How is the US market dealing with the continued poor performance of the CPI (consumer price index), inflation, employment trends, and other negative economic news? Amid a vast wash of generally terrible developments, it appears that the major US-based stock indices like the S&P 500, DJIA, and NASDAQ have not yet reached a bottom. However, that is a subjective view, and individual traders should analyze the numbers before deciding for themselves.
As Q4 gets set to begin, the Ukraine-Russia war, international supply chain problems, domestic inflation, higher interest rates, and an extremely volatile securities market are at the root of trouble for the United States financial environment. What are the index readings saying about the state of the national economy? The following discussion includes pertinent facts for everyday traders and investors who want the latest objective information about the ups and downs of the entire marketplace, not individual prognostications about particular corporate shares.
The Big Picture
In one sentence, an objective viewer might sum up the US financial outlook this way in that most of the relevant data is negative, but markets have probably not yet reached their bottoms. It’s actually a case of bad news wrapped in bad news. Fuel prices pulled back a bit in Q3, but inflation remains high. The oil price decline could revert to additional upward surges at any time, especially with the continuation of the European war between Russia and Ukraine.
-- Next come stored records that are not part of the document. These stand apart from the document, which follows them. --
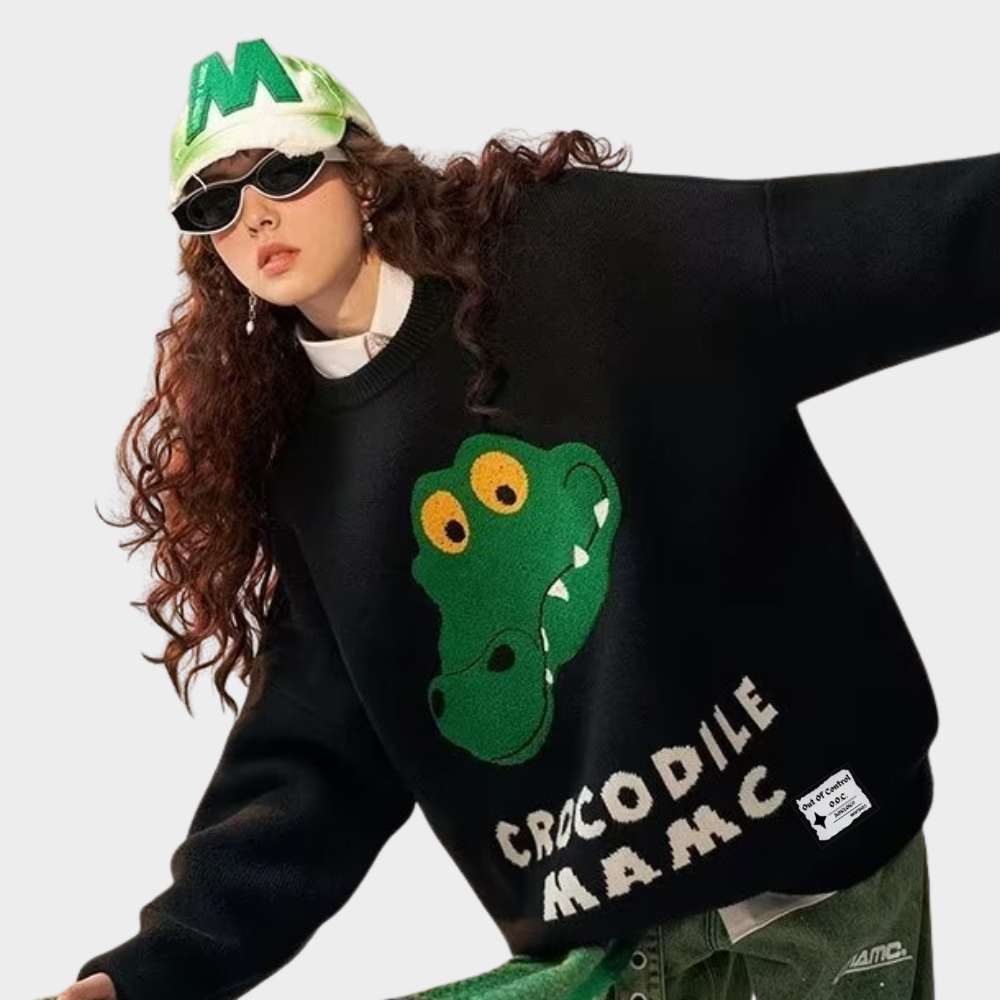 OOC' High Street Unisex Cartoon Crocodile Head Embroidery Knitted Sweater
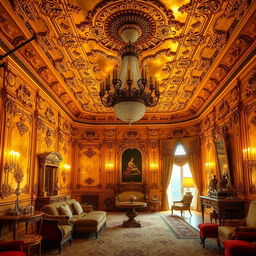 A breathtakingly detailed depiction of the reconstructed Amber Room located in Russia, showcasing its famous amber panels, intricate gilded decorations, and ornate furnishings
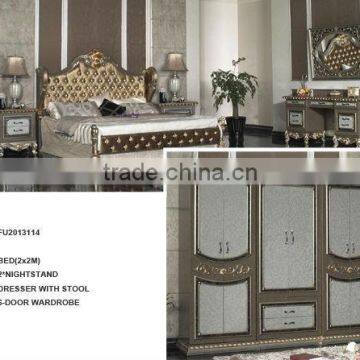 french golden color bedroom set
Relative Strength Index (RSI) in Oversold Zone
Why is the RSI indicator such an essential piece of the analysis puzzle for traders and investors? The relative strength index is one of many indicators that aims to measure whether a given asset class’s pricing has bottomed out or reached a peak. In theory, once there’s a bottom, the next big move will be upward. Vice versa for a top. Notably, RSI can be used as either a technical or fundamental tool, with both experts and amateur investors employing it to determine when to get into or out of a position.
Exchange traded funds that track the S&P 500, called SPY, are usually a good barometer of how the overall market is performing. In late September, FX Street News pointed out that the current state of the S&P 500, the primary bellwether of the US securities markets, RSI, “has moved into classic oversold territory,” meaning that prices have nearly reached a bottom. However, it’s important to remember that RSI can stay in this range for a very long time, so a low reading does not necessarily indicate a turnaround or even a return to a bullish trading cycle.
S&P, Dow, and NASDAQ: Recent Action and Possible Year-End Moves
After a whole year, in 2021, of positive movement, the much-watched S&P 500 began to go sour in January 2022. From there, it fell from above the 4,500 mark to the 3,800 level by September. That was after a brief blip up in August and before the horrible CPI news of mid-September broke. The data revealed strong inflationary pressures as well as other troubling fundamentals in the economy. Technical indicators are showing that the major index could drop well below 3,500 before the year is over. What about the other barometers of the USA’s economy? With DJIA, the story has been pretty much the same, with a great 2021 followed by an awful 2022, which saw the Dow tumble in a linear fashion from January onward, interrupted by a brief increase in August.
Technical analysis points to a value below 28,000 by December. As for NASDAQ, it was almost at the 16,000 level in November of 2021 but did the same dance as the other indices during 2022’s early months. Now sitting at 10,829 for the Composite value, it’s possible that the tech-heavy NASDAQ could fall almost to the psychological pivot point of 10,000 by the end of Q4, which it hasn’t seen since mid-2020. It’s significant to note that all the important indicators of the overall economic picture are not only in negative territory but are posting numbers similar to those that appeared at the height of the COVID pandemic in mid-to-late 2020 when most global economies were in a tailspin of collapse. Now that the pandemic of all but over, it’s hard to explain how the United States financial sector got into such a downward spiral.
Recession is a Likely Scenario
All the index-based technical numbers and fundamental factors point to a recession. When it might arrive is unclear, but investors should note that not a single significant component of the US economy is performing well as 2022 draws to a close. In late September, stocks came back from a nearly two-year low and posted four straight days of gains. But the upswing could not last as both the S&P 500 and DJIA (Dow Jones Industrial Average) fizzled before notching a turnaround. Officially, the Dow is bearish in late Q3 because it meets the definition of that term: falling more than 20% since the beginning of the year. Likewise, the Standard & Poor’s index fell to a fresh low since mid-summer. In related movement, the benchmark tech measurement, NASDAQ, dropped by just more than one-half of one percent for the final week of September.